Ilustra exemplarmente esse pensamento, vídeo panfletário
postado por um delegado de polícia do Distrito Federal em que, a pretexto de —
alegações suas — “prestar um serviço de utilidade pública”, tece críticas a uma
decisão judicial que concedeu liberdade provisória a pessoas detidas por
suposto crime de tráfico de drogas.
No vídeo em questão, foram convenientemente pinçados
trechos da decisão judicial, não sendo lida em sua integralidade. Inicialmente,
dá-se a entender que o delegado participou das investigações que culminaram com
a prisão em flagrante do casal, fato desmentido posteriormente em sua página de
relacionamentos na internet.
O delegado inicia seu desabafo “informativo” relatando
caso de tráfico em que um casal foi preso (a autoridade desde já os trata por
“casal de traficantes de drogas”) com filmagens, depoimento de usuários “tudo
dentro das exigências da lei e da Constituição”, mas, no dia seguinte, foram
colocados em liberdade pelo Judiciário.
Ele continua seu relato, informando que o juiz entendeu
ser o flagrante regular. Ora, sabe-se que a regularidade do flagrante não
impede a concessão da liberdade provisória, aliás, é pressuposto para análise e
eventual concessão desta, pois, do contrário (se o flagrante fosse irregular),
dar-se-ia o relaxamento da prisão ilegal (fato enfatizado pelo juiz na decisão,
a propósito).
A autoridade policial chega ao cúmulo de afirmar que a
liberdade provisória foi concedida “sem fiança”, quando se sabe, ou se deveria
saber (e informar aos incautos, leigos em direito) que a Constituição, no art.
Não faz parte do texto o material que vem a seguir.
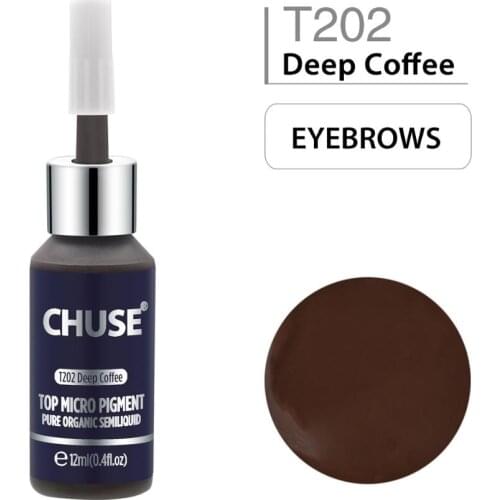 CHUSE Microblading Micro Pigment T202 Permanent Makeup Tattoo Ink Cosmetic Color Deep Coffee Passed SGS,DermaTest 12ml(0.4fl.oz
5º, XLIII, consagra a inafiançabilidade do crime de tráfico (o que não impede a
concessão de liberdade provisória, segundo entendimento do STF).
No entanto, não foi informado no vídeo que a prisão foi
substituída por quatro medidas cautelares pessoais, tais como: comparecimento
mensal e pessoal em juízo, proibição dos presos se ausentarem do Distrito
Federal e de alterarem seus endereços sem prévia autorização judicial, além de
recolhimento noturno da 0h às 5h, tudo em conformidade com os arts. 285, § 2º e
319, do CPP.
Omitiu-se também a quantidade de droga apreendida, que foi
de 0,2 grama de crack. Foi omitido, outrossim, que a posição adotada pelo
magistrado em questão encontra amparo nos tribunais superiores, podendo ser
citados diversos precedentes com o mesmo posicionamento adotado por diversos
tribunais brasileiros, incluindo, o STF2 e o STJ3.
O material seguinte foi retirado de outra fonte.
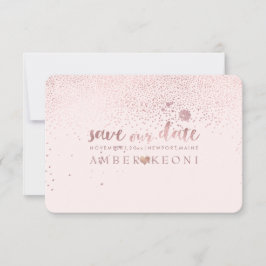 PixDezines Spikkels Roze Goud/ Save Date/ Doe-het- The Date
Por fim, omitiu-se que todos os presos devem ser julgados
e condenados antes de serem punidos. Sim, parece démodé, mas é exigência
constitucional (art. 5º, LIV) e também, para desalento de muitos, são
considerados inocentes antes de serem julgados (art. 5º, LVII) e sequer
poderiam ser chamados, como o foram, de traficantes.
Há de se ter a compreensão de que não foi o juiz quem
elaborou a Constituição nem as leis vigentes em nosso país, mas que se
comprometeu a cumprir a Constituição a aplicar as leis, por isso, acredito que
o delegado, algo comum nesses tempos, errou o alvo de sua crítica, mirou a
mensagem, mas atingiu, injusta e inadvertidamente, o mensageiro.